- Joannès in 1952

Member of the Central Committee of the French Communist Party
- In office 1956–1967

Personal details
- Born: Golda-Raka Nussbaum 28 July 1918 Warsaw, Poland
- Died: 6 September 1992 (aged 74) Paris, France
- Party: French Communist Party (PCF)
- Spouse: Victor Joannès ​ ​(m. 1939; died 1972)​
- Children: 4
- Occupation: Seamstress

= Gisèle Joannès =

French trade unionist, communist, and member of the French Resistance (1918–1992)

Gisèle Joannès (28 February 1918 – 6 September 1992) was a French trade unionist and communist who operated underground as part of the French Resistance during World War II.

== Early life ==
Originally born in Poland, Joannès's family immigrated to Paris in 1921 when she was around three years old. Her family were nonpracticing Jews, although she was an atheist like her father. When she was 17, she joined the French Communist Youth organization. (Note: Also called l’Union des jeunes filles) She sewed clothes at a "couture" workshop, and was, in her words, "a card-carrying member of the CGT syndicate". In November 1938, she was fired for going on strike.

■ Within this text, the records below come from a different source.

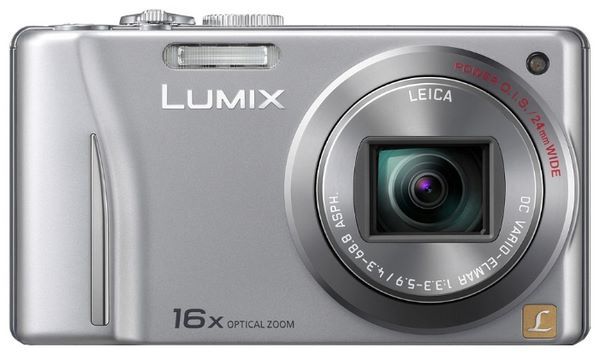 Отзывы Panasonic Lumix DMC-LX15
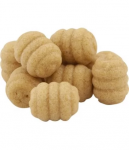 Masalas DRAGON MAGNUM Pop-Up Pupae, plūduriuojantys,&nbsp;8 mm, 60 ml, tigrinis rie&scaron;utas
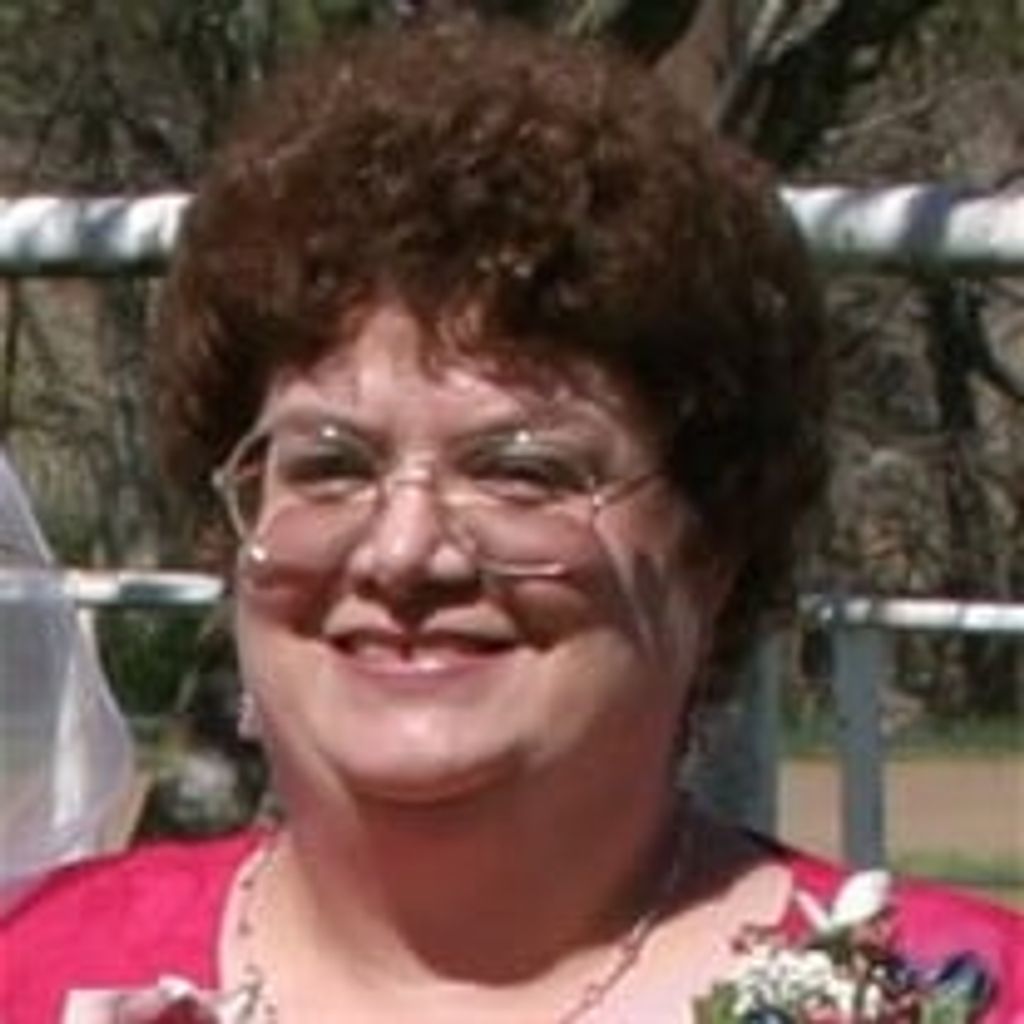 Phyllis Gail Fulbright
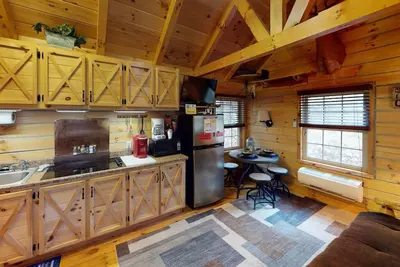 Image de Cabin # 5-Standard-Cabine-Salle de bain privée séparée
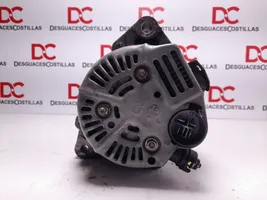 Honda Accord Alternator 1012110151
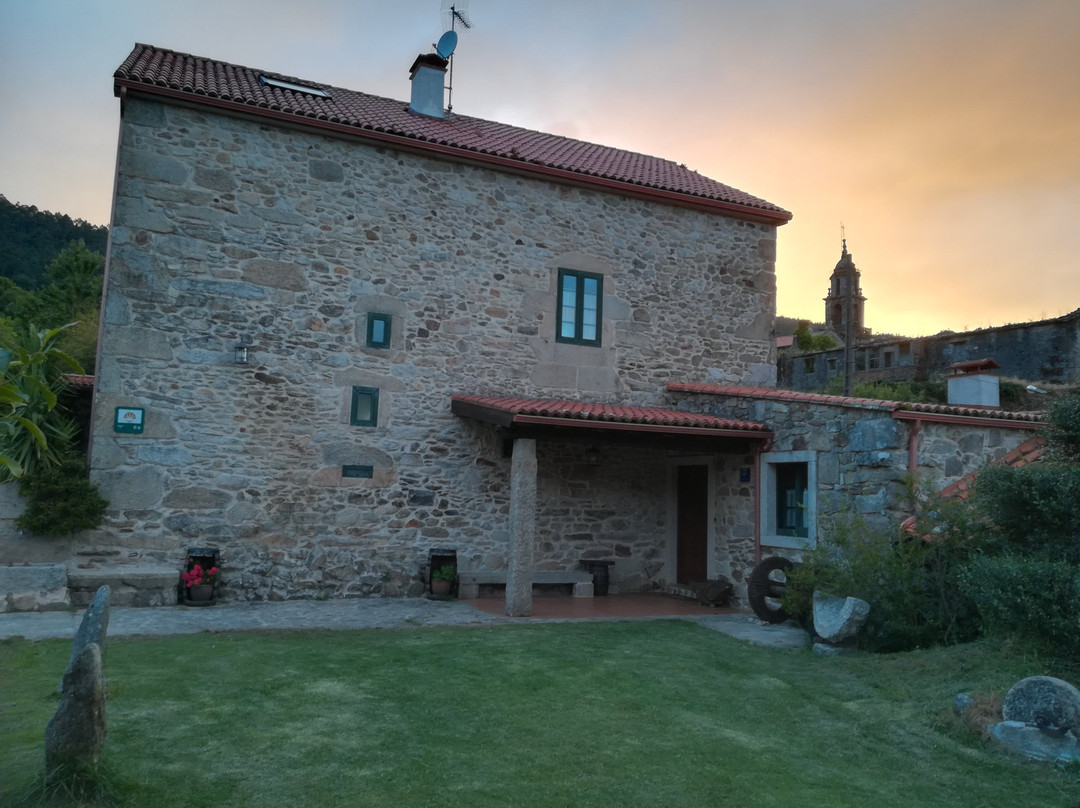 Casa da Roncha主图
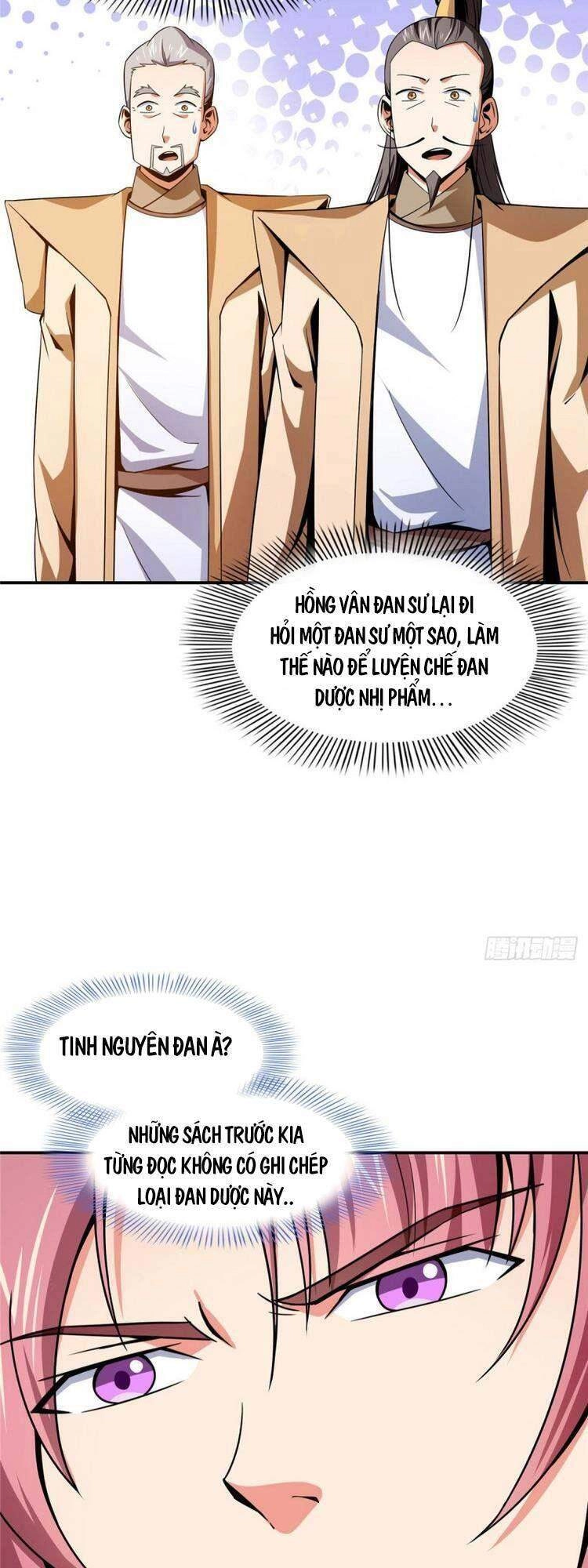 Thiên Đạo Đồ Thư Quán Chapter 106 - 23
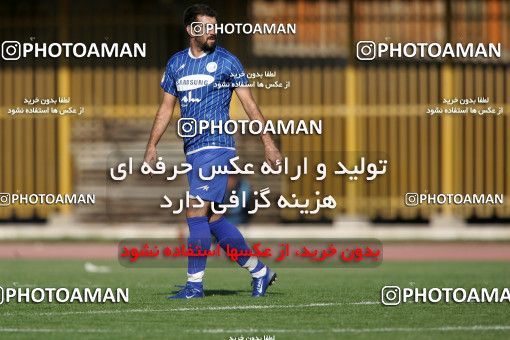 1229929, Karaj, , لیگ برتر فوتبال ایران، Persian Gulf Cup، Week 14، First Leg، Saipa 3 v 2 Esteghlal Ahvaz on 2008/11/07 at Enghelab Stadium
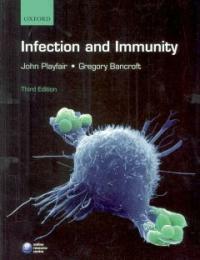 Infection and immunity 3rd ed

== Resistance against Nazi occupation ==

In April 1939, when she was 20 years old, she married Victor Joannès, the National Secretary of the French Communist Youth organization. In September, her husband had to go into hiding; the following month, Joannès joined him after the police tried to arrest her at her home. From this point until the end of World War II, she dedicated herself to the French Resistance against the Nazi occupation of France.

While operating underground for the resistance, Joannès adopted different pseudonyms, including "Pierrette" and "Rolande". She also secretly wrote L'Avant-garde, an underground communist newspaper. She would type editions of the paper "with two fingers" and turn up the volume of the radio in her apartment "as loud as possible" to mask the noise of the typewriter. She also frequently traveled to the countryside, smuggling "false cardsration cards, identity cards, and blank marriage certificates". She rode her bicycle and took commuter trains to avoid suspicion.

Joannès described how she had a close call in 1942 when an "Economic Officer" (Note: These officers "prosecuted black marketers".) stopped her and tried to inspect the parcel she carried on her bicycle. The parcel contained food and false documents, which she had covered with baby clothes. When the officer reached to look under the clothes, she started to cry and pleaded with him to leave the items alone, because she needed everything for her baby and her imprisoned husband. All of this was a lie, but the officer believed it.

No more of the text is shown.